Estimated read time 3 min read

When FTX imploded in 2022, some of the wealthiest individuals who invested in the cryptocurrency exchange platform and attached their names to the company lost millions of dollars.

Star NFL quarterback Tom Brady, who received a multimillion-dollar deal to be the leading FTX brand ambassador, was estimated to lose $30 million in the aftermath of the collapse.

Companies and venture capital firms also saw their money vanish. Sequoia Capital deemed its $213.5 million investment worthless but assured its investors in a letter that the damage was offset by $7.5 billion in realized and unrealized gains that year. Other VCs have chimed in: That’s not that bad.

But victims of the FTX collapse aren’t limited to wealthy investors and firms, as prosecutors noted in a recent sentencing memo requesting a federal judge to hand disgraced FTX founder Sam Bankman-Fried 40 to 50 years in prison.

“The defendant victimized tens of thousands of people and companies, across several continents, over a period of multiple years,” prosecutors wrote.

Some of those faceless victims, according to testimonies published in the court documents, include a single mom who said she lost her life savings, a brother who hoped to use the earnings from his investment to help his sibling with his “disability,” and a partner who said the losses had destabilized their family’s lives.

“The financial loss we incurred was significant — not just in monetary terms, but in the stability it provided our family. We were brought to the brink of losing our home, struggling to meet mortgage payments and maintain a semblance of normalcy for our child,” the victim wrote.

Many of these smaller investors don’t come anywhere near the seven- to nine-figure investments celebrities like Brady or VCs like Sequoia Capital put into FTX. Nor do they have any type of gains to fall back on.

The losses, some victims say in their statements, represent all the money they’ve saved for years and were relying on to support their own and their family’s lives.

One victim who claimed to be living in Africa said he had bought 3 bitcoins for his “family savings” said that the investment toward FTX was “hard-earned to break the generational poverty,” according to the court documents.

“Now you have swapped in and stolen all of this,” the victim wrote of SBF. “You have single-handedly broken a self-made opportunity.”

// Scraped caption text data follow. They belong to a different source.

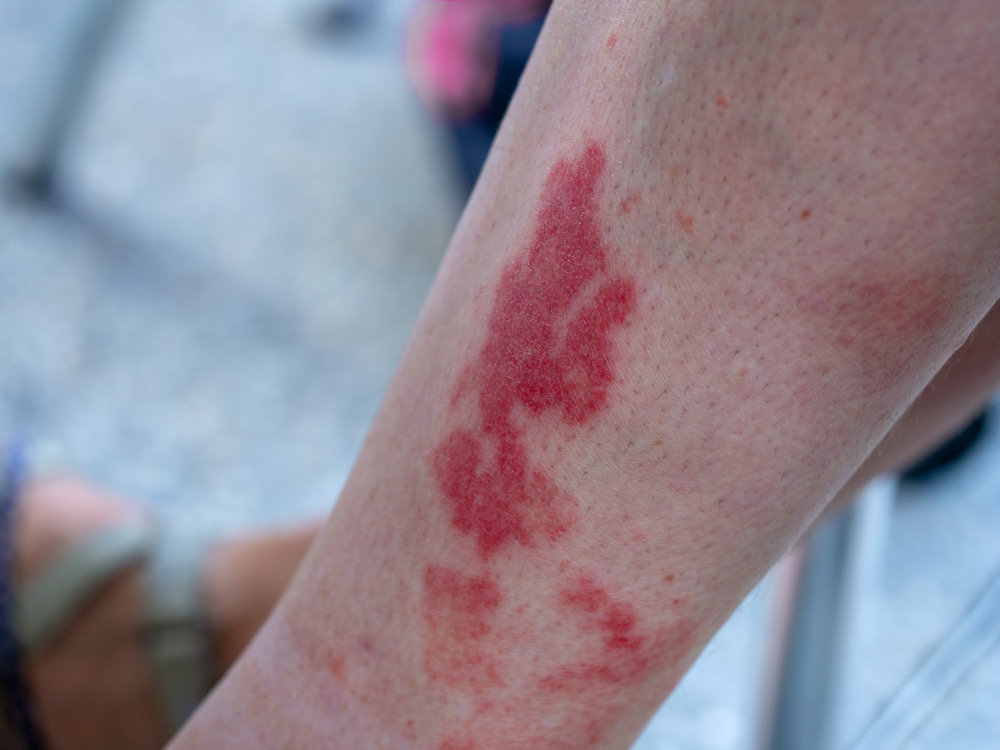 close up view of the disney rash on a leg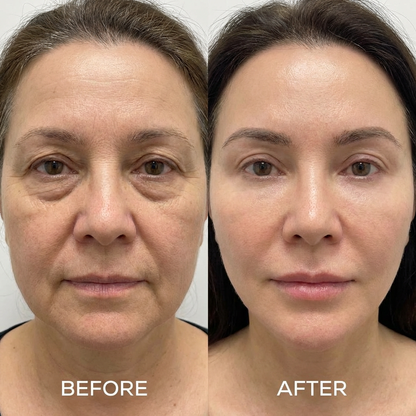 Derma Face Sculptor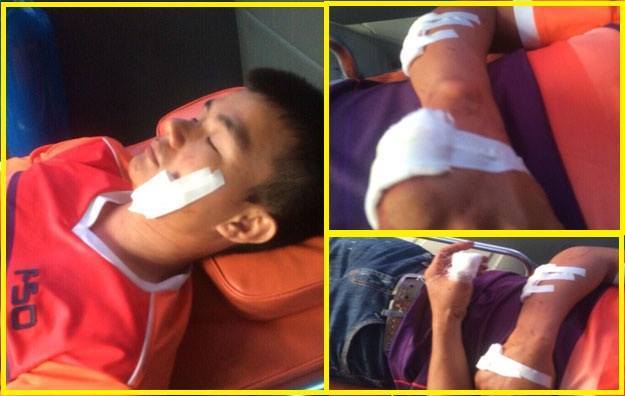 Nam Định: Tài xế xe buýt bị chém nhập viện nghi mâu thuẫn giành khách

At the time of the collapse, FTX’s bankruptcy filings said that the exchange could owe money to about one million creditors. Bankruptcy lawyers identified in 2023 a $9.5 billion shortfall in crypto and cash that needed to be repaid to customers.

In February, lawyers for FTX’s debtors told a Delaware bankruptcy court that customers and creditors can expect to receive full restitution, Axios reported.